■ **Exercise objective**:
Everything in the listing below must be reproduced exactly, apart from its images.

= = = =

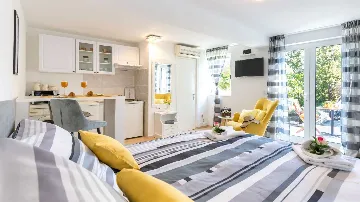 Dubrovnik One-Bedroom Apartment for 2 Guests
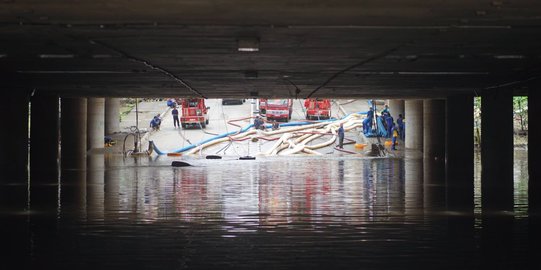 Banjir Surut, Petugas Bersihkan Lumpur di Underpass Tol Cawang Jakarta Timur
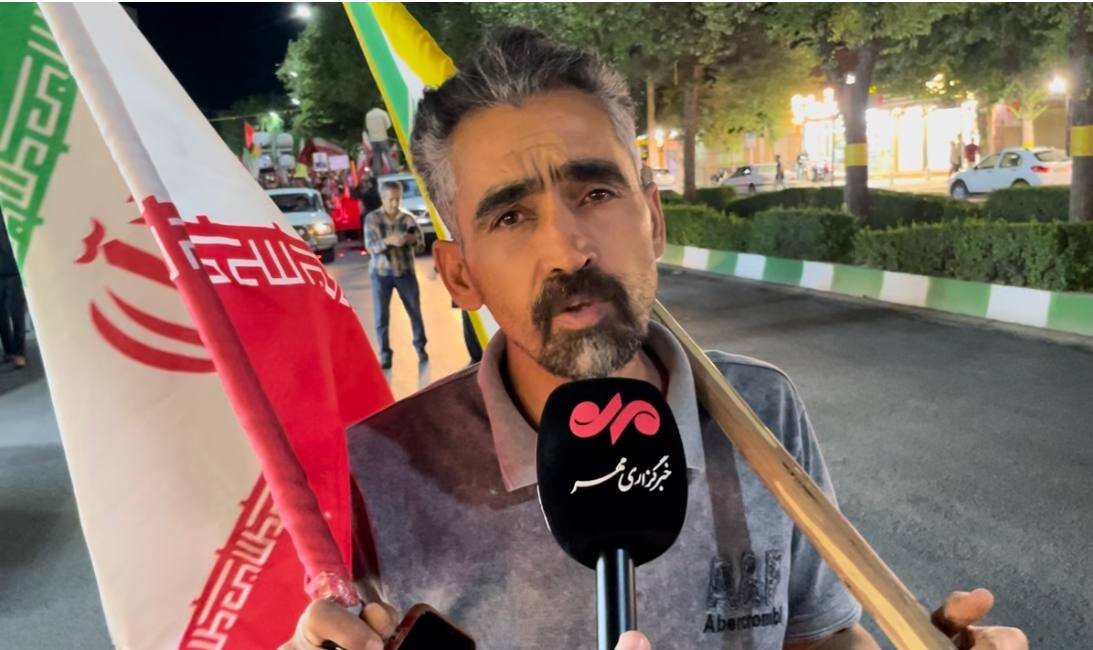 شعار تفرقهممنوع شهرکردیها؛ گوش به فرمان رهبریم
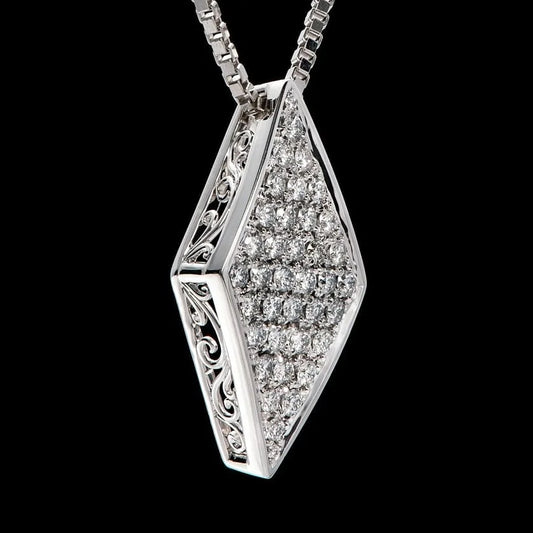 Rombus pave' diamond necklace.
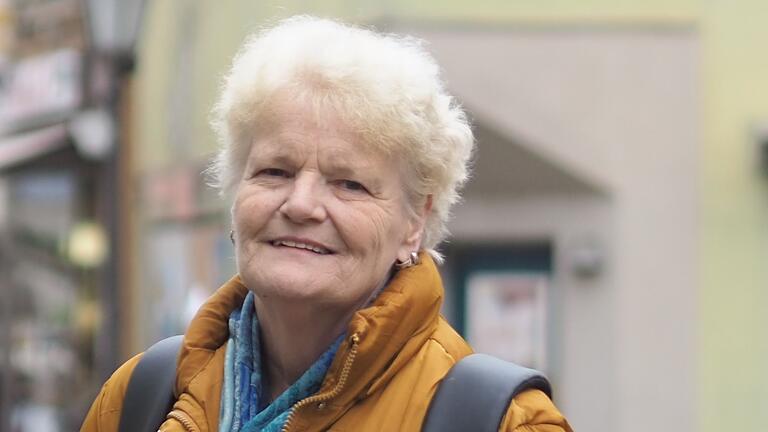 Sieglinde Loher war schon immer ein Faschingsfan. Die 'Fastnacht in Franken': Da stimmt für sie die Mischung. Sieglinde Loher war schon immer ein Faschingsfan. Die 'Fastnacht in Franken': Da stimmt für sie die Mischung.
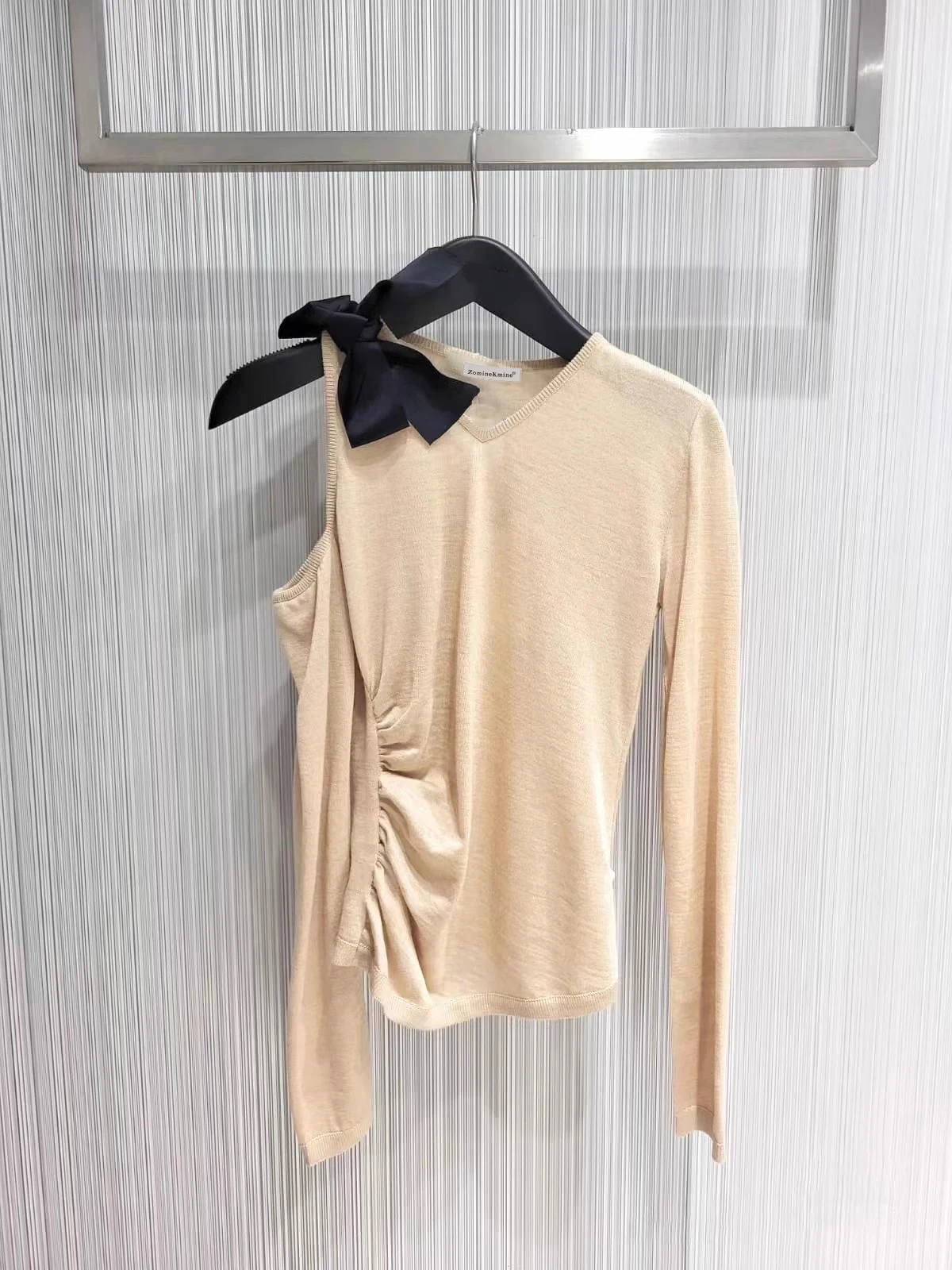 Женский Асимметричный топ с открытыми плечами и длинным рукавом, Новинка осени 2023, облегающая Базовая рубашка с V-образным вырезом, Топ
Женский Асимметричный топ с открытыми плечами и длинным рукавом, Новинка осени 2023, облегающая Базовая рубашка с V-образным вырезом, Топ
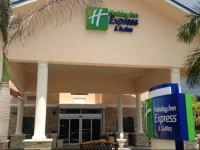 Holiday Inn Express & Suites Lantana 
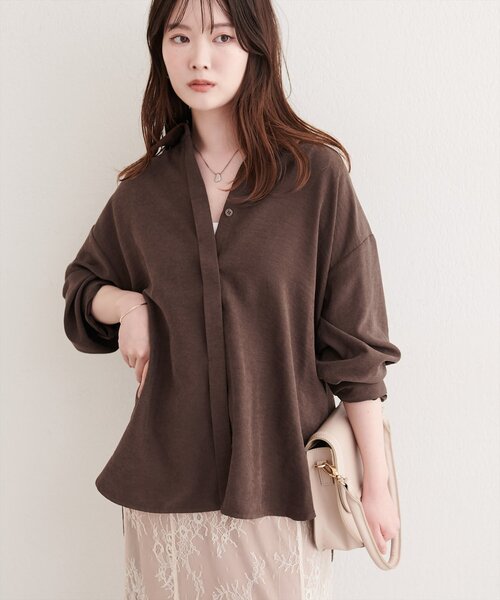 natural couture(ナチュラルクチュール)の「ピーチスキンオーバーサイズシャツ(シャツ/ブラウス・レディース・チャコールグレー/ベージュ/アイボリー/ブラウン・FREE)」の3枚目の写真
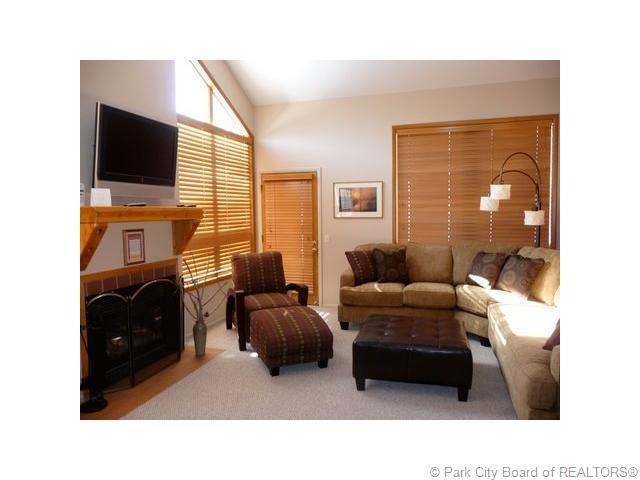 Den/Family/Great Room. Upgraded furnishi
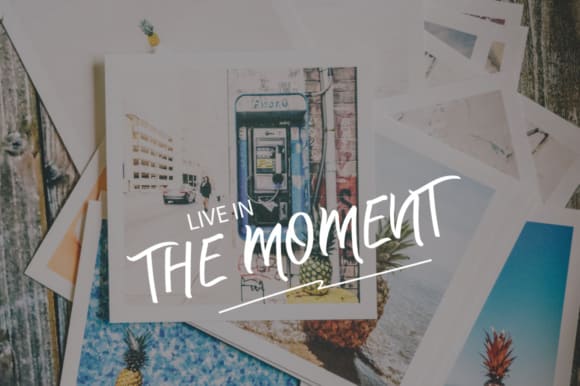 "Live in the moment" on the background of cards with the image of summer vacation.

= = = =

■ **Response below**:
 Dubrovnik One-Bedroom Apartment for 2 Guests
 Banjir Surut, Petugas Bersihkan Lumpur di Underpass Tol Cawang Jakarta Timur
 شعار تفرقهممنوع شهرکردیها؛ گوش به فرمان رهبریم
 Rombus pave' diamond necklace.
 Sieglinde Loher war schon immer ein Faschingsfan. Die 'Fastnacht in Franken': Da stimmt für sie die Mischung. Sieglinde Loher war schon immer ein Faschingsfan. Die 'Fastnacht in Franken': Da stimmt für sie die Mischung.
 Женский Асимметричный топ с открытыми плечами и длинным рукавом, Новинка осени 2023, облегающая Базовая рубашка с V-образным вырезом, Топ
Женский Асимметричный топ с открытыми плечами и длинным рукавом, Новинка осени 2023, облегающая Базовая рубашка с V-образным вырезом, Топ
 Holiday Inn Express & Suites Lantana 
 natural couture(ナチュラルクチュール)の「ピーチスキンオーバーサイズシャツ(シャツ/ブラウス・レディース・チャコールグレー/ベージュ/アイボリー/ブラウン・FREE)」の3枚目の写真
 Den/Family/Great Room. Upgraded furnishi
 "Live in the moment" on the background of cards with the image of summer vacation.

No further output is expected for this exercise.